Moreover, multiple threads can end up doing the same and looking hard for
many entries to purge when only one is needed. Furthermore, all threads
start from the same shard, hence synchronize their locks. All of this
costs a lot to other operations such as access from peers.

This commit simplifies the approach by ignoring the budget, starting
from a random shard number, and using a trylock so as to be able to
give up early in case of contention.

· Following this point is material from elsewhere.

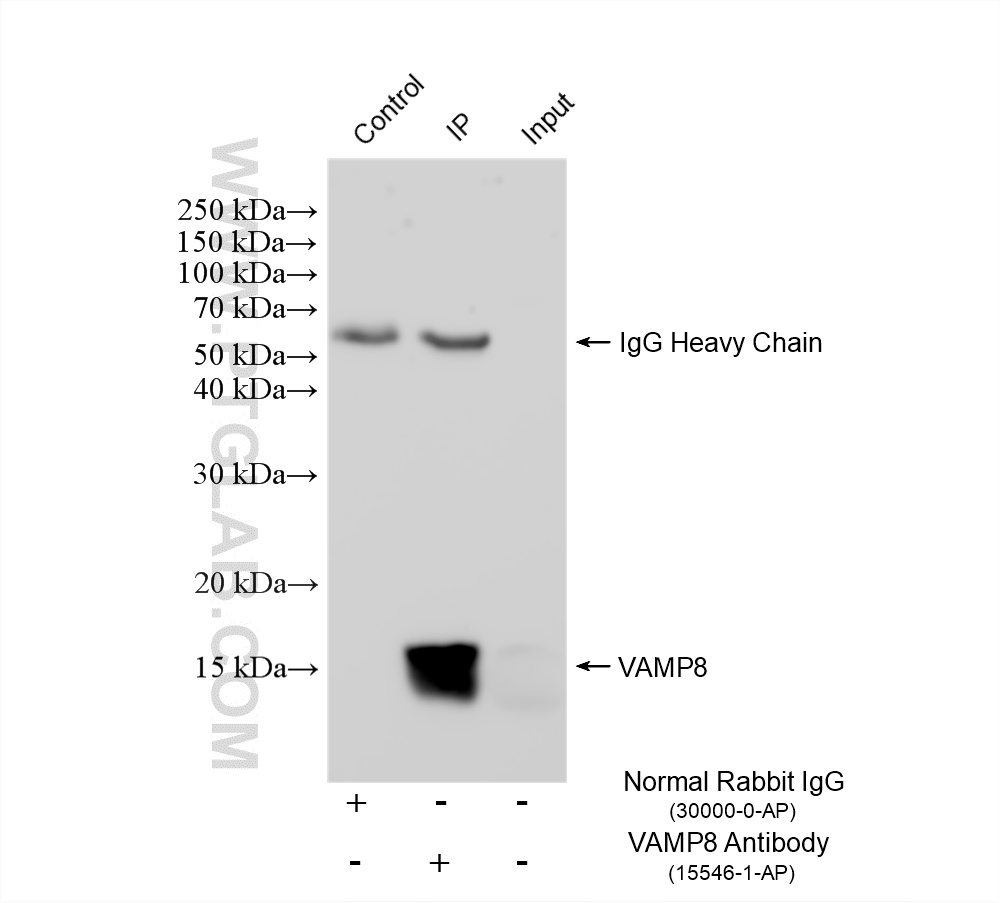 IP experiment of A431 using 15546-1-AP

The approach chosen here consists
in trying hard to flush at least one entry, but once at least one is
evicted or at least one trylock failed, then a failure on the trylock
will result in finishing.

The function now returns a success as long as one entry was freed.

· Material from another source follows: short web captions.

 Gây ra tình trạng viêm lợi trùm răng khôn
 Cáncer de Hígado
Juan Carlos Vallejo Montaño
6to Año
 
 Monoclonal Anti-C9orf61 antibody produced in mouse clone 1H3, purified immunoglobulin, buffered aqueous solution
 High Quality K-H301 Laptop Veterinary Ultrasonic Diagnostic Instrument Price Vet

With this, tests no longer show watchdog warnings during tests, though
a few still remain when stopping the tests (which are not related to
this function but to the contention from process_table_expire()).

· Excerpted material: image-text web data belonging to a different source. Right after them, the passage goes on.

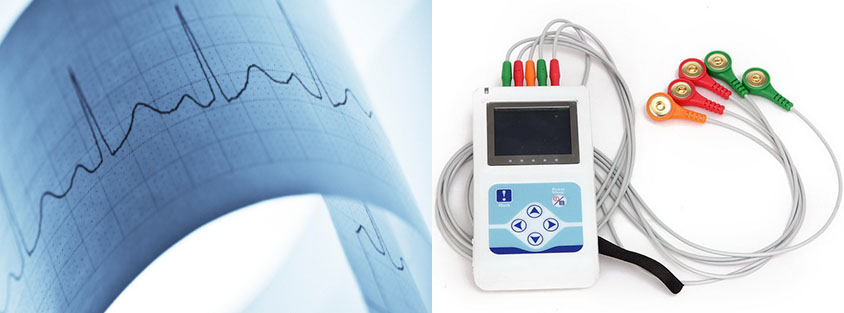 ECG Holter bekaa lebanon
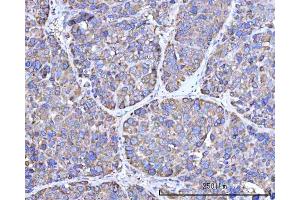 IHC analysis of RPN1 using anti-RPN1 antibody (ABIN7600447). (RPN1 antibody  (AA 196-495))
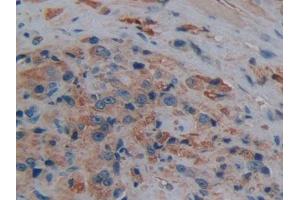 Used in DAB staining on fromalin fixed paraffin- embedded kidney tissue (Aquaporin 1 抗体  (AA 201-269))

With this change, under high contention some entries' purge might be
postponed and the table may occasionally contain slightly more entries
than their size (though this already happens since stksess_new() first
increments ->current before decrementing it).

Measures were made on a 64-core system with 8 peers
of 16 threads each, at CPU saturation (350k req/s each doing 10
track-sc) for 10M req, with 3 different approaches:

  - this one resulted in 1500 failures to find an entry (0.015%
    size overhead), with the lowest contention and the fairest
    peers distibution.

  - leaving only after a success resulted in 229 failures (0.0029%
    size overhead) but doubled the time spent in the function (on
    the write lock precisely).

  - leaving only when both a success and a failed lock were met
    resulted in 31 failures (0.00031% overhead) but the contention
    was high enough again so that peers were not all up to date.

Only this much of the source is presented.